Words whose second letter is “s” or “t”

second_st <- words[str_detect(words, "^.[st]")]
length(second_st)

## [1] 38

head(second_st, 20)

##  [1] "as"        "ask"       "associate" "assume"    "at"        "attend"   
##  [7] "especial"  "issue"     "it"        "item"      "other"     "otherwise"
## [13] "staff"     "stage"     "stairs"    "stand"     "standard"  "start"    
## [19] "state"     "station"

Words that contain a pattern like “oxx” (one letter, then a different letter repeated twice)

oxx <- words[str_detect(words, "(.)(.)\\2")]
length(oxx)

## [1] 157

head(oxx, 20)

##  [1] "accept"      "account"     "across"      "add"         "address"    
##  [6] "affect"      "afford"      "afternoon"   "agree"       "all"        
## [11] "allow"       "apparent"    "appear"      "apply"       "appoint"    
## [16] "approach"    "appropriate" "arrange"     "associate"   "assume"

Words that contain “a”, “e”, and “o” at the same time

aeo <- words[str_detect(words, "a") &
             str_detect(words, "e") &
             str_detect(words, "o")]
aeo

##  [1] "absolute"    "afternoon"   "another"     "appropriate" "associate"  
##  [6] "colleague"   "compare"     "encourage"   "operate"     "organize"   
## [11] "probable"    "programme"   "reason"      "relation"

1b) Plots on the `sentences` data set

length(sentences)

## [1] 720

head(sentences, 3)

## [1] "The birch canoe slid on the smooth planks." 
## [2] "Glue the sheet to the dark blue background."
## [3] "It's easy to tell the depth of a well."

Bar plot — sentences with vs. without “the” / “The”

sent_df <- tibble(sentence = sentences) %>%
  mutate(has_the = str_detect(sentence, "\\b[Tt]he\\b"))

ggplot(sent_df, aes(x = has_the, fill = has_the)) +
  geom_bar() +
  geom_text(stat = "count", aes(label = after_stat(count)), vjust = -0.3) +
  scale_x_discrete(labels = c("FALSE" = "Without 'the'",
                              "TRUE"  = "With 'the'")) +
  labs(title = "Sentences containing 'the' (or 'The')",
       x = NULL, y = "Count") +
  theme_minimal() +
  theme(legend.position = "none")

Scatterplot — average word length vs. number of vowel-starting words

sent_scatter <- tibble(sentence = sentences) %>%
  mutate(
    word_list      = str_extract_all(sentence, "[A-Za-z]+"),
    avg_word_len   = map_dbl(word_list, ~ mean(str_length(.x))),
    n_vowel_start  = map_int(word_list,
                             ~ sum(str_detect(.x, "^[aeiouAEIOU]")))
  )

ggplot(sent_scatter, aes(avg_word_len, n_vowel_start)) +
  geom_point(alpha = 0.5, colour = "steelblue") +
  geom_smooth(method = "lm", se = FALSE, colour = "tomato") +
  labs(title = "Sentence structure: avg word length vs. vowel-starting words",
       x = "Average word length in the sentence",
       y = "Number of words starting with a vowel") +
  theme_minimal()

1c) Application — Oxford English Dictionary

i–iii.

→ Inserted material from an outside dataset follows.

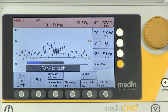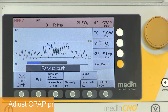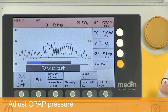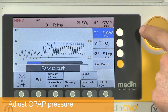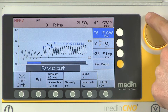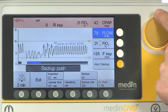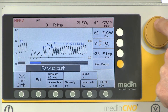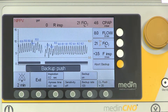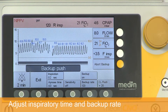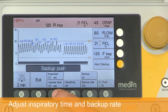As in all modes, you can adjust the CPAP pressure during non-invasive positive pressure ventilation over the basic flow. You also need to adjust the inspiratory time and the backup rate.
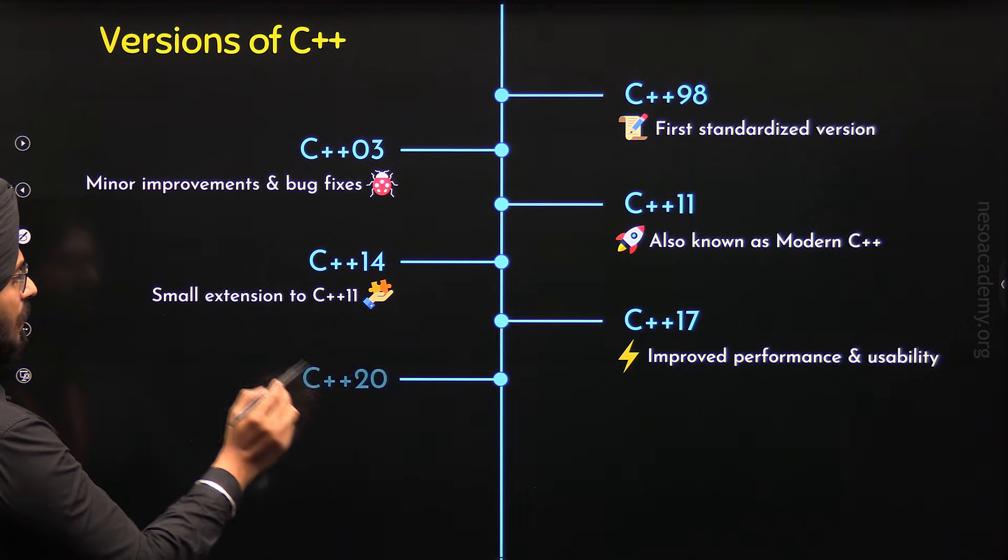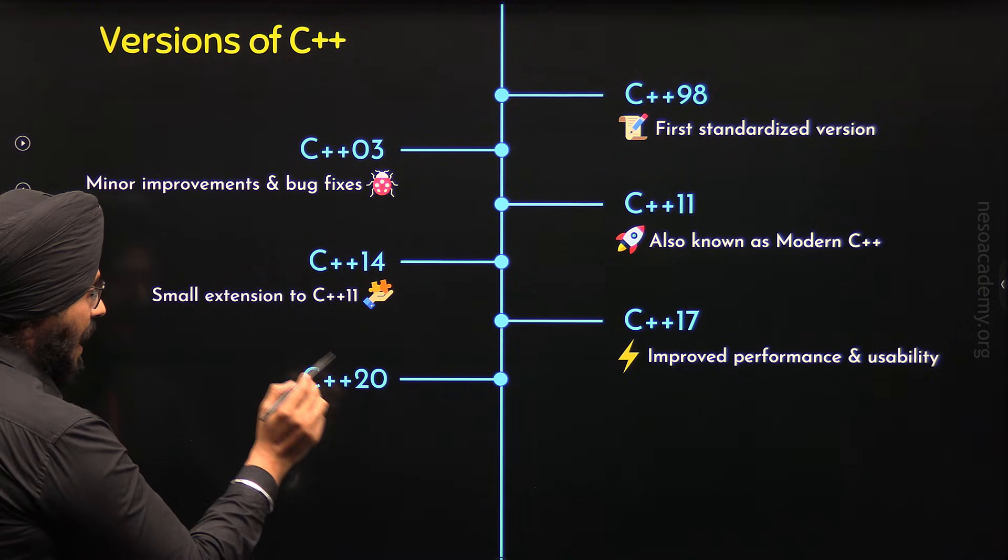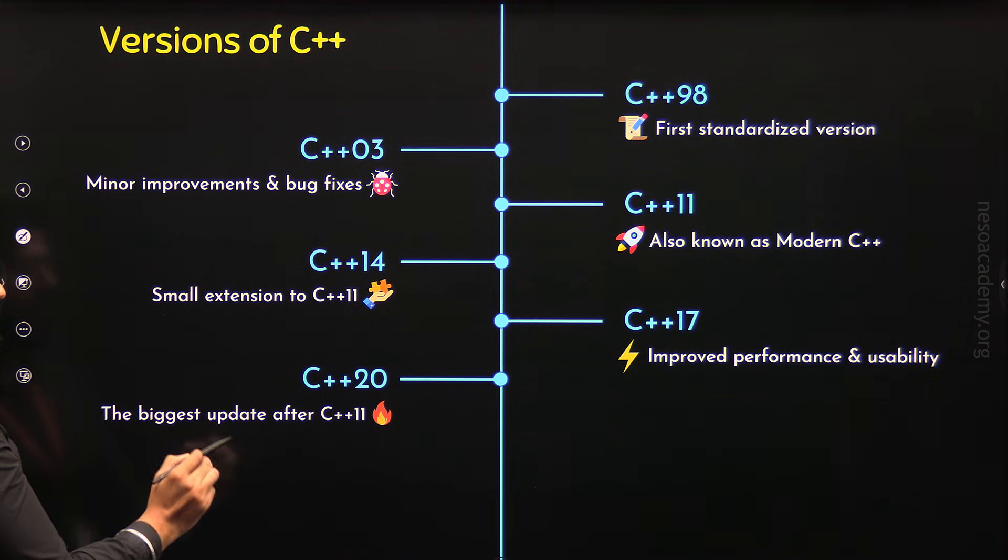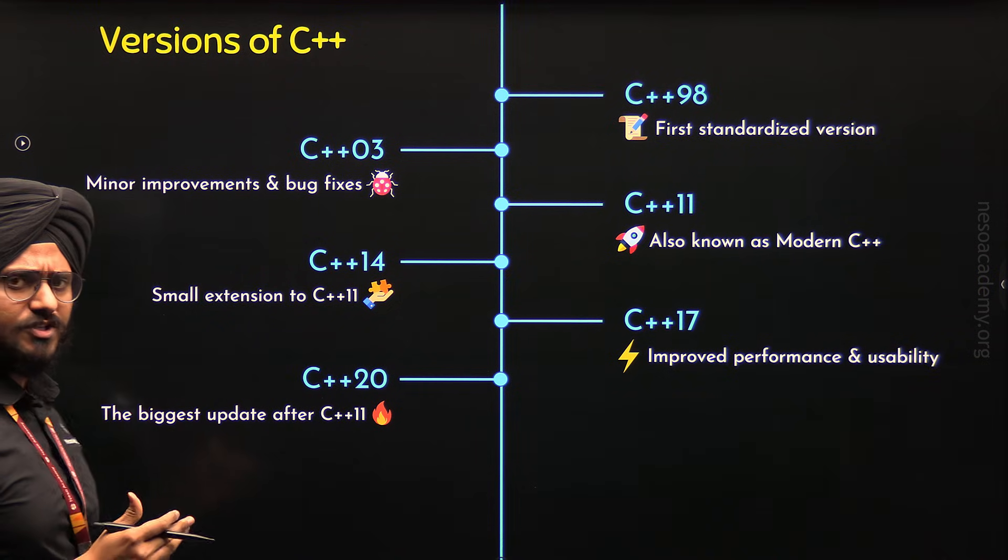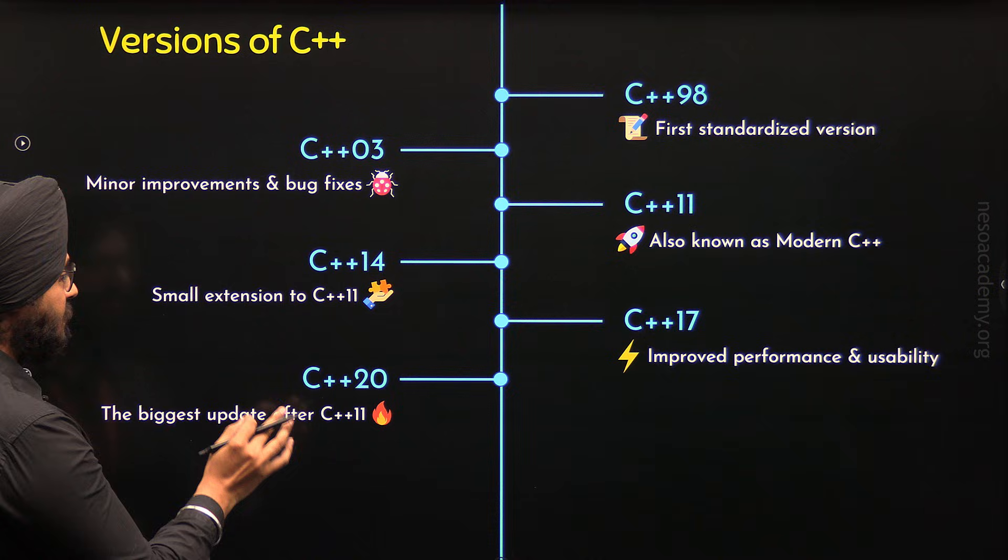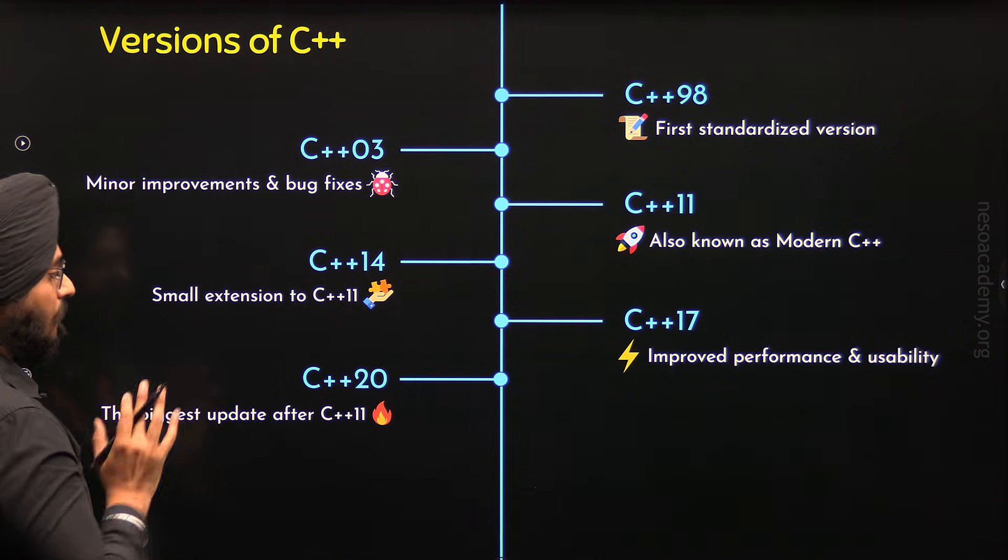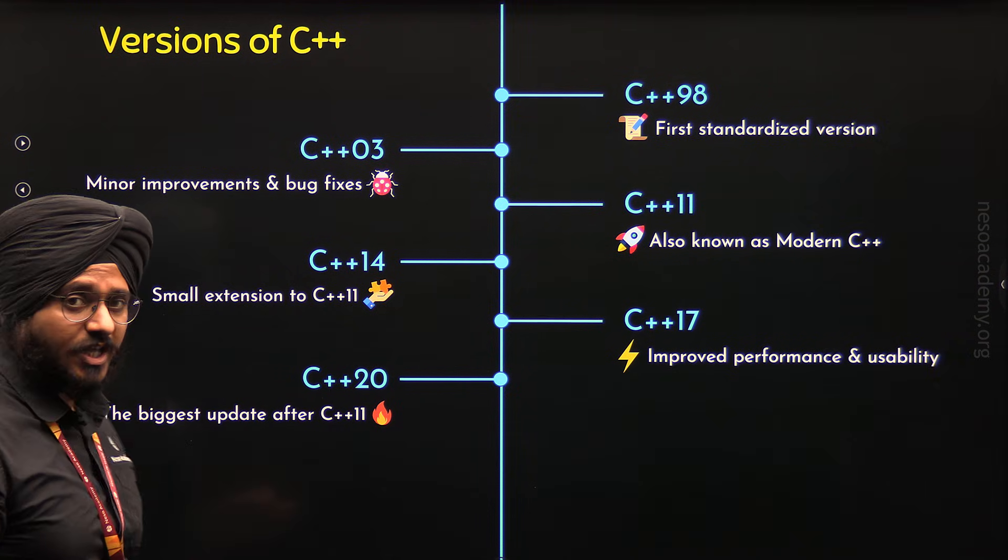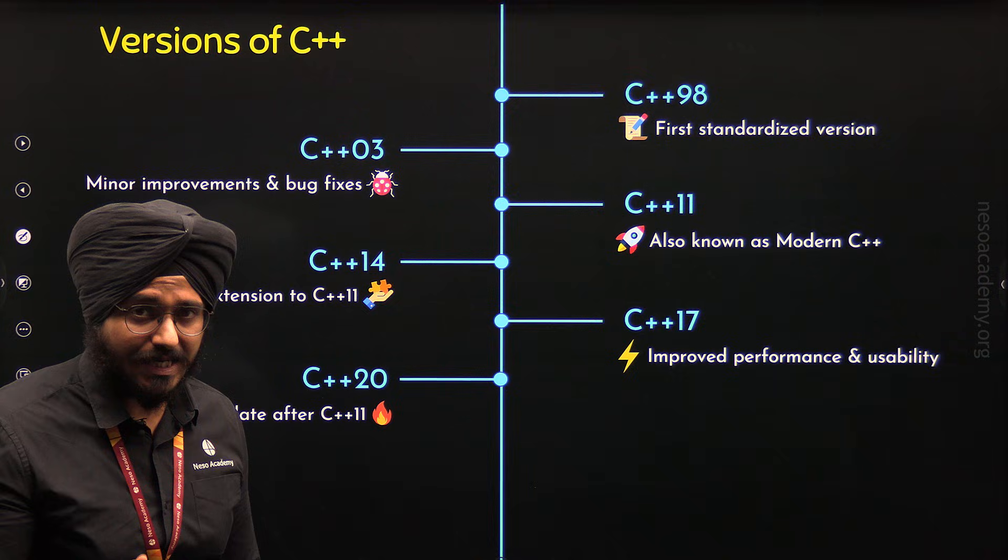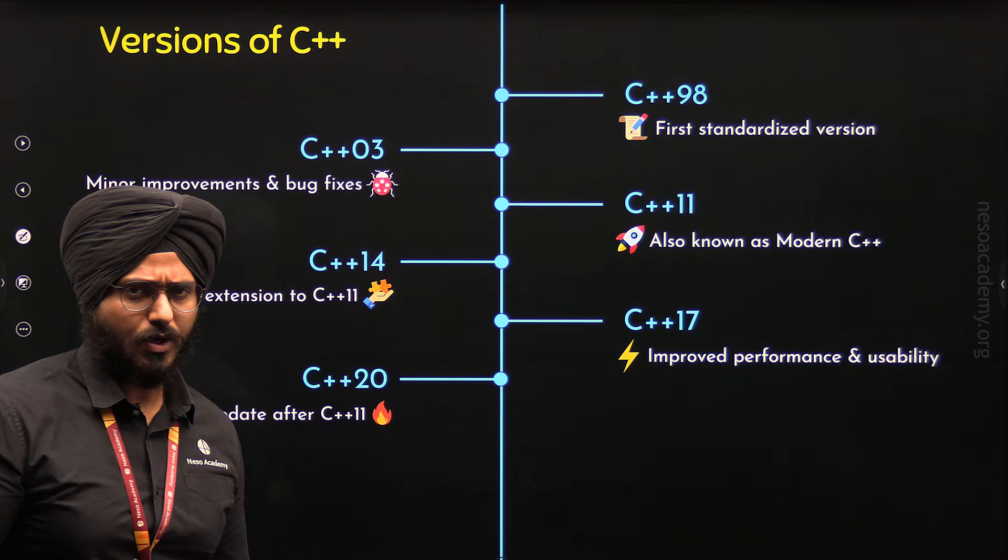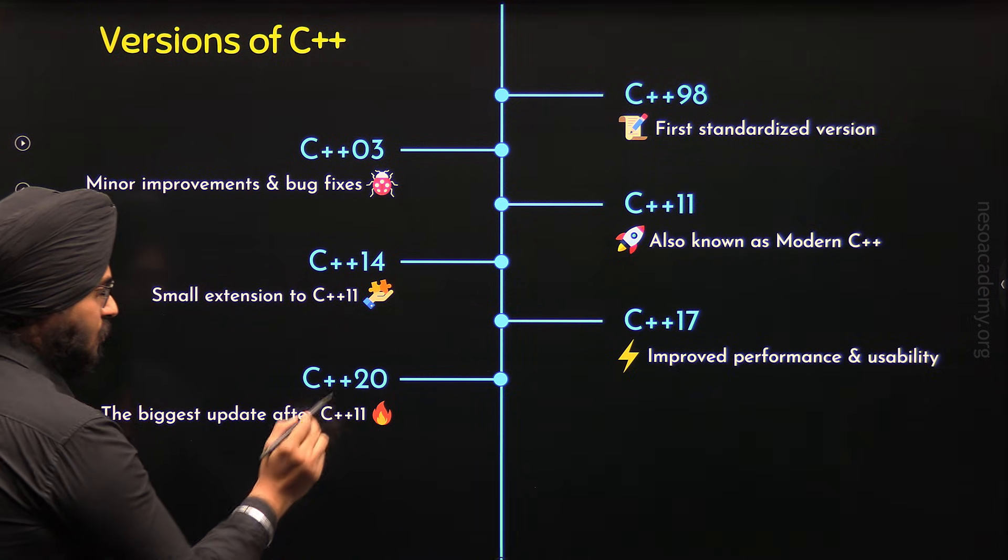After C++17, C++20 came in 2020 and this was considered as the biggest update after C++11. Why it was considered the biggest update? Because it came with some biggest updates in the history of C++. It included coroutines, modules, calendar and time-based utilities in C++ programming language.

Read the file, make a tibble, drop blank lines

oed_raw <- read_lines("Oxford_English_Dictionary.txt")

oed <- tibble(line = oed_raw) %>%
  filter(str_detect(line, "\\S"))   # keep only lines containing non-whitespace

nrow(oed)

## [1] 36692

head(oed, 5)

## # A tibble: 5 × 1
##   line                                                                          
##   <chr>                                                                         
## 1 "A "                                                                          
## 2 "A-  prefix (also an- before a vowel sound) not, without (amoral). [greek]"   
## 3 "Aa  abbr. 1 automobile association. 2 alcoholics anonymous. 3 anti-aircraft."
## 4 "Aardvark  n. Mammal with a tubular snout and a long tongue, feeding on termi…
## 5 "Ab-  prefix off, away, from (abduct). [latin]"

iv. Extract the headword for each entry into a column `words`

oed <- oed %>%
  mutate(words = str_extract(line, "^\\S+"))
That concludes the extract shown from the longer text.